Au prob­lème posé par la com­préhen­sion du fonc­tion­nement naturel de notre atmo­sphère s’en est adjoint un autre à par­tir des années 1970, celui des per­tur­ba­tions causées par l’homme à ce fonc­tion­nement naturel. Il a fal­lu une quin­zaine d’années pour que la com­mu­nauté sci­en­tifique, puis le pub­lic, pren­nent con­science du sérieux de cette ques­tion. La décou­verte en 1985 du trou d’ozone stratosphérique dans l’Antarctique par des sci­en­tifiques bri­tan­niques a représen­té une étape déci­sive de cette évo­lu­tion. Gérard s’est trou­vé au pre­mier rang des com­bat­tants, puisque, dès 1987, il a ini­tié avec plusieurs col­lègues européens le pro­gramme de recherch­es sur l’ozone stratosphérique, adop­té aus­sitôt par la Com­mis­sion européenne, grâce auquel ont été organ­isées des cam­pagnes coopéra­tives de mesures d’importance cruciale.
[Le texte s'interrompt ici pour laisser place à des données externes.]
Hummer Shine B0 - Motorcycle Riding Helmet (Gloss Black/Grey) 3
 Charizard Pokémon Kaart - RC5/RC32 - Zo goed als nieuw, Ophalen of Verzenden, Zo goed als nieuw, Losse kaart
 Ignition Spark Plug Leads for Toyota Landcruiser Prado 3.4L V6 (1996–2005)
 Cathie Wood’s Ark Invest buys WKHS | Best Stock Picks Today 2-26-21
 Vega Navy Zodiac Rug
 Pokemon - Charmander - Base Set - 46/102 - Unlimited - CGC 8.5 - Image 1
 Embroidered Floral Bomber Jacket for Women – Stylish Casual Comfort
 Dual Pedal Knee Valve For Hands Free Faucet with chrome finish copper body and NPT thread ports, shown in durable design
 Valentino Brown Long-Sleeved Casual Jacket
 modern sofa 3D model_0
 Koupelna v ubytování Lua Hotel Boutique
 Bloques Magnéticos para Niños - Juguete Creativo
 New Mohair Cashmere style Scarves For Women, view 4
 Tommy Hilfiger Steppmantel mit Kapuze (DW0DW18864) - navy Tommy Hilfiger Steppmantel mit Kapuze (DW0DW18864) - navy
La con­tri­bu­tion per­son­nelle de Gérard a reposé entre autres sur la créa­tion d’une sta­tion Lidar à Dumont d’Urville, ain­si qu’un Lidar aéro­porté dans l’Arctique. Prési­dent de la Com­mis­sion inter­na­tionale de l’ozone de 1988 à 1996, puis, à par­tir de 1997, coprési­dent du comité sci­en­tifique mis en place pour sur­veiller l’exécution du Pro­to­cole de Mon­tréal (qui con­trôle l’emploi des pro­duits chim­iques destruc­teurs d’ozone), il est devenu un des lead­ers mon­di­aux dans l’effort entre­pris pour préserv­er l’intégrité de la couche d’ozone stratosphérique.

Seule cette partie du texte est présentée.